• [Source data]:

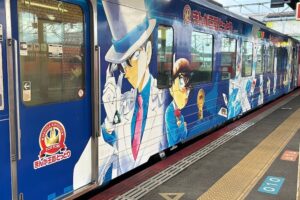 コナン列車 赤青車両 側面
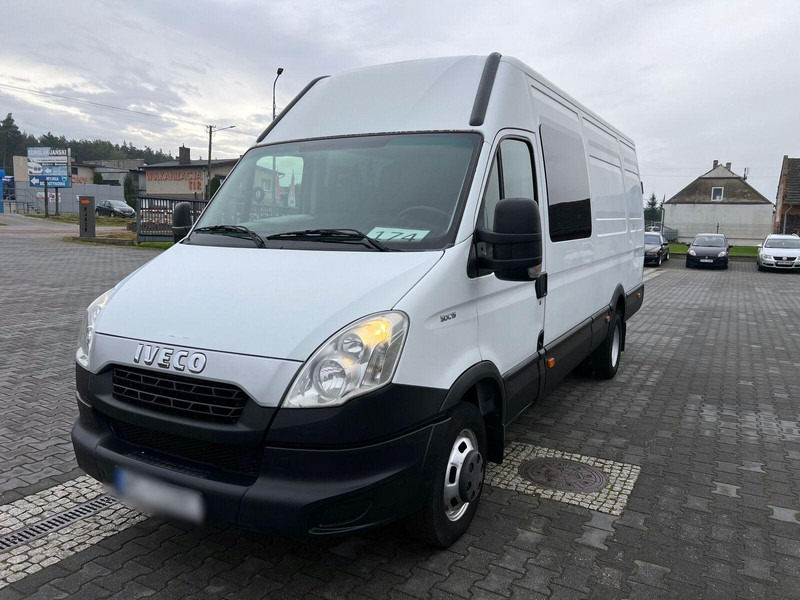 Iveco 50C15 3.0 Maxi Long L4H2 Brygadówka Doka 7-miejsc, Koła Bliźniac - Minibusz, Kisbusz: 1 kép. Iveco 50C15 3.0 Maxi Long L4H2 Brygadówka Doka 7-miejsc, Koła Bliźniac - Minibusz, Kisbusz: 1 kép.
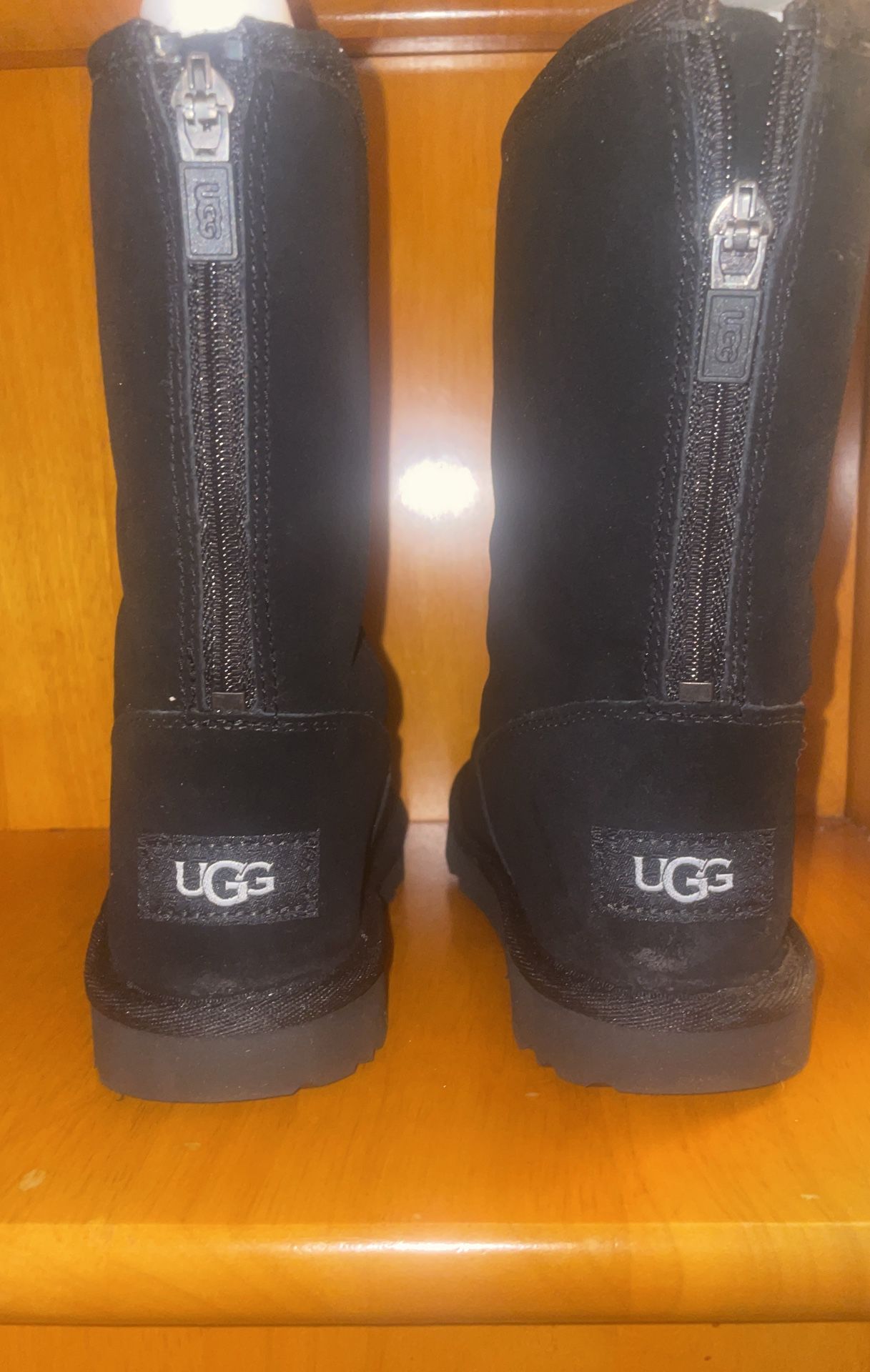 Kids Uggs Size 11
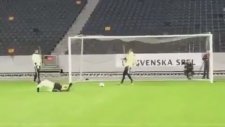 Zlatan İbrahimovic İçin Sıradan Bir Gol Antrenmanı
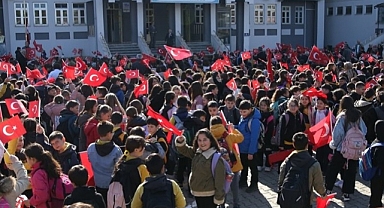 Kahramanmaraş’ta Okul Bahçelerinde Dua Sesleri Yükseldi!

• [Try it]: Repeat exactly the lines in the entries from the one containing "Kids Uggs Size 11" to the final line, inclusive, and nothing beyond them; skip pictures.

• [Task solution]:
 Kids Uggs Size 11
 Zlatan İbrahimovic İçin Sıradan Bir Gol Antrenmanı
 Kahramanmaraş’ta Okul Bahçelerinde Dua Sesleri Yükseldi!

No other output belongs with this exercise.